Juru bicara militer Israel mengatakan bahwa pasukan darat Israel berusaha "memperluas operasi". Akibat dari pemboman pada Jumat malam tadi, ledakan keras mengguncang dekat Rumah Sakit al-Shifa.
Serangan dan pengeboman Israel ini dilakukan saat Gaza saat ini berada dalam kegelapan total, karena tidak tersedianya lagi tenaga listrik untuk penerangan. Kantor berita Aljazirah melaporkan, selain ledakan yang terjadi di dekat Rumah Sakit al-Shifa, Rumah Sakit Indonesia, serta kamp pengungsi Breij juga tidak luput dari sasaran ledakan.

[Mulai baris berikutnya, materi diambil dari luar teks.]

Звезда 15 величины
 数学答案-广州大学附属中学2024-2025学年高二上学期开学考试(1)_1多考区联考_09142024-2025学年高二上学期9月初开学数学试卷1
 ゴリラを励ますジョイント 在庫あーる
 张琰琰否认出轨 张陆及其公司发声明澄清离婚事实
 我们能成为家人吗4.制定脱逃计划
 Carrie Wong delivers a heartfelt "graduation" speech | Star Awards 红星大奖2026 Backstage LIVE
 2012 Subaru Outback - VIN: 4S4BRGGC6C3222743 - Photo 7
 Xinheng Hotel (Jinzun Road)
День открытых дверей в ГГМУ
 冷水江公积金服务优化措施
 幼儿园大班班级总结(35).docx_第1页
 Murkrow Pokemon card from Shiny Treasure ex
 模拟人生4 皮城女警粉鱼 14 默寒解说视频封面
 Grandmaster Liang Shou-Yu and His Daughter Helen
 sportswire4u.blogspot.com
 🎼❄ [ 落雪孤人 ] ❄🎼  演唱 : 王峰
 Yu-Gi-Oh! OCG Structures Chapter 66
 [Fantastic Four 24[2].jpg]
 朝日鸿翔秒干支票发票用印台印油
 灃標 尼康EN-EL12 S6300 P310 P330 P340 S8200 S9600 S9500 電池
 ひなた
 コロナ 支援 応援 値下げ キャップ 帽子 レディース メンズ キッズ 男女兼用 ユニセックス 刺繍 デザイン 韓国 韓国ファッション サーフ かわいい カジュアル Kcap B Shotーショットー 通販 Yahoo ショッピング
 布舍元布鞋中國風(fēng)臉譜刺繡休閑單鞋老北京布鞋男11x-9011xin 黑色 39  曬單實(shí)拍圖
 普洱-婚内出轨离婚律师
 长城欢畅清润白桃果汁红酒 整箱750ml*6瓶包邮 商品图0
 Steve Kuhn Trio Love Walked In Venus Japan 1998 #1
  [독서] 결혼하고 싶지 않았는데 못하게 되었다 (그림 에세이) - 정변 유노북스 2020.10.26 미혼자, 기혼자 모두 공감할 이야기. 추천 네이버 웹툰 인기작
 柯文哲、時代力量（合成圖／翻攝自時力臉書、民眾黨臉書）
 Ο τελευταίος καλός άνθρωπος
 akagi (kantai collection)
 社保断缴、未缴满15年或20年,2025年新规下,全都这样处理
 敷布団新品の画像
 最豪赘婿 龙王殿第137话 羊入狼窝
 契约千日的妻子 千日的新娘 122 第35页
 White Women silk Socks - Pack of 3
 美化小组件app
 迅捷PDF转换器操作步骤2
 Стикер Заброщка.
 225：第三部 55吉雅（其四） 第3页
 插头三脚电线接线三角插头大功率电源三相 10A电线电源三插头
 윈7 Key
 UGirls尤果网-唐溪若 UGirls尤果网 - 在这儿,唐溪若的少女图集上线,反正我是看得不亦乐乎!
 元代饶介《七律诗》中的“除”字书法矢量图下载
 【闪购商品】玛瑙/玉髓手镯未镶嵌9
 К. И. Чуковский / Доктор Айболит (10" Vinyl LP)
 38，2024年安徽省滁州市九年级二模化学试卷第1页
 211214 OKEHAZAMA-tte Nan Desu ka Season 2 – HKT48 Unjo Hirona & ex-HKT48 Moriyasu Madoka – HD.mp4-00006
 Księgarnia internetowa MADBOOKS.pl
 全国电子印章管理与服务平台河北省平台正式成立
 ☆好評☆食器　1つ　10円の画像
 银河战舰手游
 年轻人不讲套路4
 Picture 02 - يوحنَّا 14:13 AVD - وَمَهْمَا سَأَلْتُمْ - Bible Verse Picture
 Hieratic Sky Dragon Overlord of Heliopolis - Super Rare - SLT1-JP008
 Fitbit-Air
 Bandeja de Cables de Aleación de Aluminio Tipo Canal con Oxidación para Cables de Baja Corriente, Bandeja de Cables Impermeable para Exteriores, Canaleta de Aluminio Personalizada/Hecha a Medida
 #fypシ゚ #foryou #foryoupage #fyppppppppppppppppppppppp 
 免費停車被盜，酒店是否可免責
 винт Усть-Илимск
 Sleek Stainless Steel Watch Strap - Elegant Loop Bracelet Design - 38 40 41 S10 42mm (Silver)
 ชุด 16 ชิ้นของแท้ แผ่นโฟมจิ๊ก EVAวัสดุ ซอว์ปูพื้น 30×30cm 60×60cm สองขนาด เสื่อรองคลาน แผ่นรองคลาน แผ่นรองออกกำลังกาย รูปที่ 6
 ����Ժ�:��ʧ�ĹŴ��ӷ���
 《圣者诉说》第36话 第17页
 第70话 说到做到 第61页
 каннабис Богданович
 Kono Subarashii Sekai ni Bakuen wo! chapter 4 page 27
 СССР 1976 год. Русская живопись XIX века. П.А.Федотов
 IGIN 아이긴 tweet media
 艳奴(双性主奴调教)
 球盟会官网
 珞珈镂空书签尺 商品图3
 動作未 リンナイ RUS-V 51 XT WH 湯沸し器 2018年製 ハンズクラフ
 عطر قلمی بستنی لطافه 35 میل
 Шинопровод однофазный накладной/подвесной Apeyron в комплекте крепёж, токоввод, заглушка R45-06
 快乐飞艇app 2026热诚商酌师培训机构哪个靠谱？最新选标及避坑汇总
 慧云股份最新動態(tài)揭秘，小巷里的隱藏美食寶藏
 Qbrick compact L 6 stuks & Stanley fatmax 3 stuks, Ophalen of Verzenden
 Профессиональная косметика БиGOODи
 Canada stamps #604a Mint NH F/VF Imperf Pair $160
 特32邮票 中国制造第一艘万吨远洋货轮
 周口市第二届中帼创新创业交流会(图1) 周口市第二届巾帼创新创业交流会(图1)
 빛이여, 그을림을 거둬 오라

Di tengah kegelapan yang nyaris sempurna, dengan ledakan-ledakan besar yang mengiringi bom-bom Israel yang sesekali meraung-raung di kegelapan malam. Sementara pemadaman komunikasi yang nyaris total di Gaza membuat sebagian besar penduduk di sana tidak dapat menjangkau layanan darurat.
Sementara Badan amal medis internasional, Doctors Without Borders (Medecins Sans Frontieres, atau MSF), mengatakan bahwa mereka "sangat prihatin dengan situasi di Gaza".
"Kami sangat mengkhawatirkan para pasien, staf medis dan ribuan keluarga yang berlindung di rumah sakit Al Shifa dan fasilitas kesehatan lainnya," tulis kelompok tersebut di media sosial.
"Kami menyerukan perlindungan yang tegas terhadap semua fasilitas medis, staf dan warga sipil di seluruh Jalur Gaza."
Sebelum dilancarkannya penyerangan dan pengeboman, Israel mengatakan bahwa sebuah bunker Hamas berada di bawah Rumah Sakit al-Shifa. Meskipun para pejabat Palestina dan staf rumah sakit dengan tegas membantahnya.
Rumah sakit ini merupakan rumah sakit terbesar di Gaza dan merupakan salah satu dari sedikit rumah sakit yang tidak beroperasi akibat penembakan Israel.